VI. Kapitel- Ein langer Weg und ein Ziel

Vor diesem Tag hatte Lyanna noch nie einen Toten gesehen. Niemand hatte sie auf die leeren Augenhöhlen, den steifen Kiefer und die verdrehten Gelenke vorbereitet, niemand hatte sie vor den verzerrten Zügen gewarnt, mit denen der Wachmann die Pforte des Todes passieren musste und in denen sich nur eines widerspiegelte: Die pure Angst. Dieser Mann war nicht tapfer im Kampf gefallen oder friedlich im Schlaf gestorben, nein, er wurde feige hinterrücks erschlagen. Von dem Mann, in dessen Händen Lyannas Leben lag.

Schatten hatte versucht, ihr die Augen zu verdecken, damit ihr der Anblick der Blutpfützen, die sich bereits um die Wunden des Mannes gebildet hatten, erspart blieb, doch Lyanna hatte seine Hand weggeschlagen. Sie wollte selbst sehen, welche Opfer ihre Freiheit kostete. Ein Leben gegen das eines anderen. Ein guter Deal?

Schweigend lief das Mädchen neben Schatten her, der ihr zu verstehen gab, wann sie sich im Dunkel eines Schattens oder im Schutz einer Ecke verbergen mussten. Und so gelangten sie zermürbend langsam durch die finsteren Gänge, vorbei an unzähligen Zellen und Kammern. Schatten schien diesen Ort zu kennen, so sicher wählte er an jeder Wegbiegung die Richtung. „Schatten?", flüsterte Lyanna schließlich, „Wieso möchtest du mich eigentlich befreien? Wieso nimmst du dieses Risiko für ein Mädchen auf dich, das du doch gar nicht kennst?" Schatten sah sie verwundert an. Nachdenklich kniff er seine Augen zusammen, die mit ihrem schmutzigem Gelb so sehr denen einer Katze ähnelten. Dann antwortete er, leise und langsam: „Das ist eine lange Geschichte, zu lang und zu traurig um sie dir zu erzählen. Es war ein Auftrag, den ich schon lange erwartete. Mehr brauchst du momentan nicht zu wissen." „Und noch ein Mysterium in dem Berg aus Rätseln. Kann nicht eine Person einfach die klare Wahrheit erzählen?!", frustriert ließ Lyanna die Arme sinken, mit denen sie zuvor noch ihre kastanienbraunen Haare von dem Staub und Dreck der Keller befreit hatte. Schatten grinste. Und dabei fiel Lyanna auf dass er, trotz der ernsten Art, kaum älter als sie selbst sein konnte. „Glaub mir, diese Frage habe ich mir schon all zu oft gestellt", waren die einzigen Worte des jungen Mannes, bevor er wieder schweigend auf den grauen Boden blickte.

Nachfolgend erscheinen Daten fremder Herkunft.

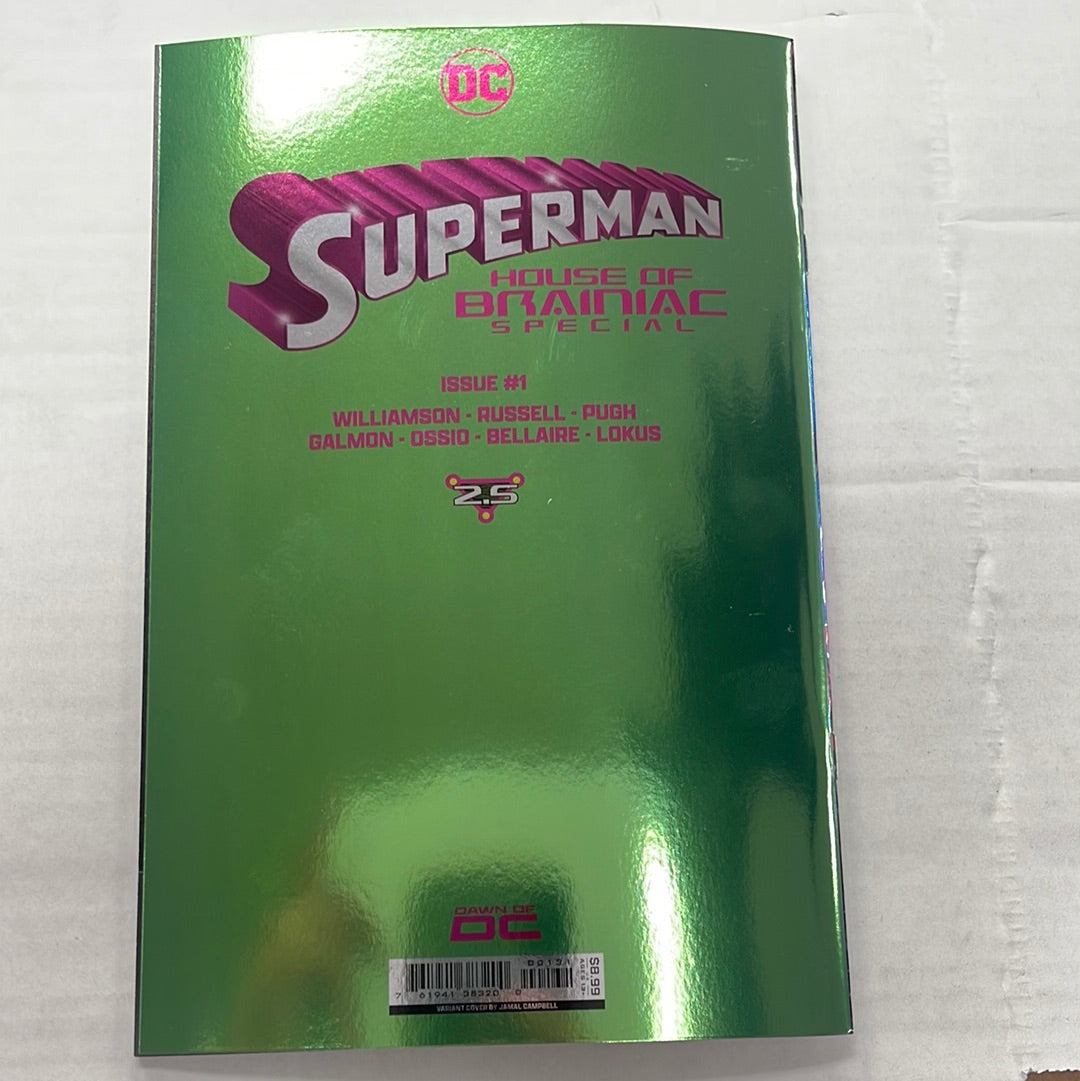 DC COMICS SUPERMAN HOUSE OF BRANIAC #1 FOIL VARIANT ACTION COMICS 1064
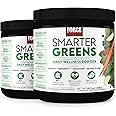 Force Factor Smarter Greens Daily Wellness Powder 2-Pack to Support Energy, Immunity & Digestion, Greens Powder, Superfood Powder with Vitamins, Minerals & Probiotics, Unflavored, 60 Servings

Nach einigen Minuten blieb Schatten plötzlich stehen. Angespannt bedeutete er Lyanna mit einer Handbewegung, es ihm gleichzutun. Angestrengt musterte er den Gang vor ihnen. „Wir müssten gleich an einer Luke ankommen", flüsterte er, „die uns in einen der Wachtürme an der Schlossmauer führt. Ab da können uns jederzeit Wachen begegnen. Du bleibst einfach hinter mir und tust was ich dir sage, verstanden?" Lyanna nickte. Und tatsächlich. Nach wenigen Schritten erreichten sie eine schwere, eiserne Luke.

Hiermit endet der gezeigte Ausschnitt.